El punto no es necesariamente quién tiene razón; tampoco es
encontrar culpables, que es un proceso judicial. Es discernir
responsabilidades, que existen en muchos niveles. Indiscutiblemente hay
mucho de verdad en la responsabilidad de la falta de condena social a la
violencia contra las mujeres, a un sistema que no facilita ni mucho
menos alienta que se denuncien estas agresiones y que proteja
adecuadamente a las víctimas.
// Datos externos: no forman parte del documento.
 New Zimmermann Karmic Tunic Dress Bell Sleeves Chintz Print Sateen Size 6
También hay responsabilidad en los medios,
que usan sin mayor consideración de las consecuencias que puedan
generar casos muy diversos, banalizando tanto las causas como las
consecuencias, y sobre todo, asumiendo que lo que hacen es anodino e
irrelevante, simple entretenimiento, sin evaluar los efectos morales de
corto y largo plazo, cuando la sociedad acepta como natural que el
sufrimiento ajeno es diversión, o que todo es motivo de contemplación
sin compromiso.
El debate necesario entonces va por ahí: cómo lograr,
colectivamente, que lo ocurrido no se repita, tanto en la consecuencia
final, el asesinato de una mujer, como en los prolegómenos, en la etapa
en que por varias razones muchas personas consideraron que era una buena
idea exponer casos así por dinero en la televisión, creando condiciones
para que luego, ocurriera un asesinato. La cadena causal queda para los
fiscales y jueces; la sociedad debería procesar sus responsabilidades.
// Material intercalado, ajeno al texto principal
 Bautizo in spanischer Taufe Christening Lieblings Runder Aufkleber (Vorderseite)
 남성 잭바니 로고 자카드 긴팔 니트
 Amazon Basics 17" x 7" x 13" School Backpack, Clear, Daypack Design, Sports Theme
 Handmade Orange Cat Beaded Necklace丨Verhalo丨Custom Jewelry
Que algunos programas o que algún presentador televisivo involucrado
en el caso, se defiendan con argumentos deleznables o con acusaciones a
terceros para evadir su rol, no debería extrañarnos: en ese medio se
cultiva esta mezcla tan indigesta de egolatrías, certezas morales
falaces y desprecio por la tragedia ajena de donde nace un crimen como
este. Pero en la esfera digital, uno podría buscar oportunidades para
fomentar una conversación sensata. Al menos ese era el sueño de los que
postulaban a lo digital como un regreso a la sociedad dialógica de un
arcano tal vez nunca real.
Lamentablemente no es así. La esfera digital es tan mala para estos
debates como la mediática masiva, solo que si en la más antigua
predomina el dinero, en la primera manda la certeza, la invectiva y la
catilinaria. No buscamos entender sino afirmar nuestra convicción, y al
hacerlo básicamente formamos partidos, en vez de construir consensos
para atacar el problema entre todos.
Más allá de la importancia que un punto de vista tenga para cada
uno, quizá esta sea ocasión para pensar colectivamente no en tener
razón, sino en construir respuestas. En pedirle a la televisión que
piense, y que considere otras voces ante los temas más serios; en
pedirle a los presentadores que acepten que lo que hacen no solo
responde a sus intereses, sino que afecta a muchos; a que necesitamos
crear condiciones para que ninguna mujer sea agredida por un varón, de
ninguna forma; a que las leyes deben ir acompañadas de actitudes, desde
el estado, para buscar cumplirlas, y que los funcionarios deberían
reconocer que una víctima merece respeto y compasión, no solo un
trámite.
Pero lo más importante es concluir que debatir y conversar es
urgente en el Perú. Mientras más dudemos de nuestras convicciones
tendremos menos seguidores, menos “likes” y menos reposteos, pero quizá
compartamos mejor la necesidad de encontrar respuestas colectivas. Será
una lección menor, pero ojalá que esto nos lleve a pensar en que nos
haría bien estar menos seguros y más dispuestos a escuchar.
Publicado en Noticias SER, 26/09/2012.